Extracellular features, such as peak to valley duration or full-width half maximum, are important to classify neurons into putative classes (excitatory - inhibitory). For more information about these waveform features, we refer to this [documentation](https://github.com/AllenInstitute/ecephys_spike_sorting/tree/master/ecephys_spike_sorting/modules/mean_waveforms) from the Allen Institute.

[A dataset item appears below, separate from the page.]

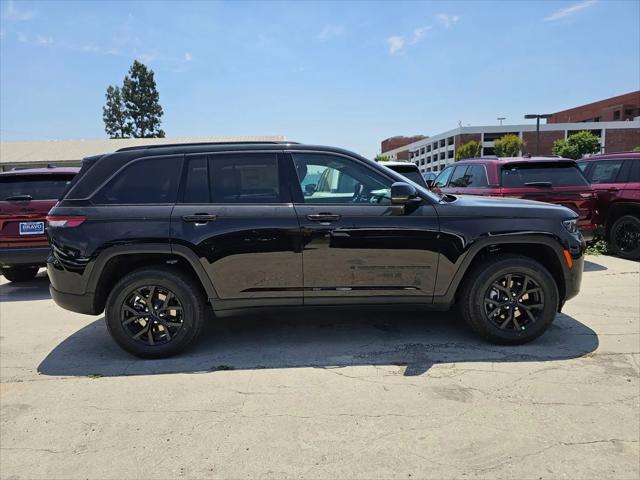 2026 Jeep Grand Cherokee Altitude 4x2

The postprocessing module of spiketoolkit allows one to compute several of these features:

In [29]:
st.postprocessing.get_template_features_list()

['peak_to_valley',
 'halfwidth',
 'peak_trough_ratio',
 'repolarization_slope',
 'recovery_slope']

In [30]:
features = st.postprocessing.compute_unit_template_features(recording, sorting, as_dataframe=True, 
                                                            upsampling_factor=10)
display(features)

Unnamed: 0,peak_to_valley,halfwidth,peak_trough_ratio,repolarization_slope,recovery_slope
1,[0.00132],[0.0003933333333333333],[-0.1369514059222094],[55364.23512648689],[-1803.5135212753637]
2,[0.00129],[0.0003266666666666667],[-0.11152712179963985],[213666.48348533423],[-8690.98242411237]
3,[0.0008433333333333333],[0.00025666666666666665],[-0.17124738302181503],[443364.0264438684],[-12705.721302595606]
4,[0.0004733333333333333],[0.00018333333333333334],[-0.44359723493608094],[167315.3438196635],[-8170.033600356916]
5,[0.0011366666666666667],[0.00029666666666666665],[-0.20664555896993225],[141610.91387346495],[-6337.979425380921]
6,[0.0012233333333333334],[0.00027],[-0.14151533433408908],[89214.51050956371],[-2575.3288871052323]
7,[0.0007966666666666667],[0.00035],[-0.11984915447607923],[653544.0277453804],[-20938.619738228055]
8,[0.0012],[0.00013666666666666666],[-0.35091550063041016],[105011.66357092475],[-6989.970048760432]
9,[0.0009333333333333333],[0.00035666666666666664],[-0.1388751010741255],[170879.03459146898],[-9213.972011965689]


## Validation

The `spiketoolkit` package also provides several functions to compute qualitity metrics about the spike sorting results through the `validation` module. We can compute a subset of metrics using the `compute_quality_metrics` function or compute one at a time. For more information about these waveform features, we refer to this [documentation](https://allensdk.readthedocs.io/en/latest/_static/examples/nb/ecephys_quality_metrics.html) from the Allen Institute.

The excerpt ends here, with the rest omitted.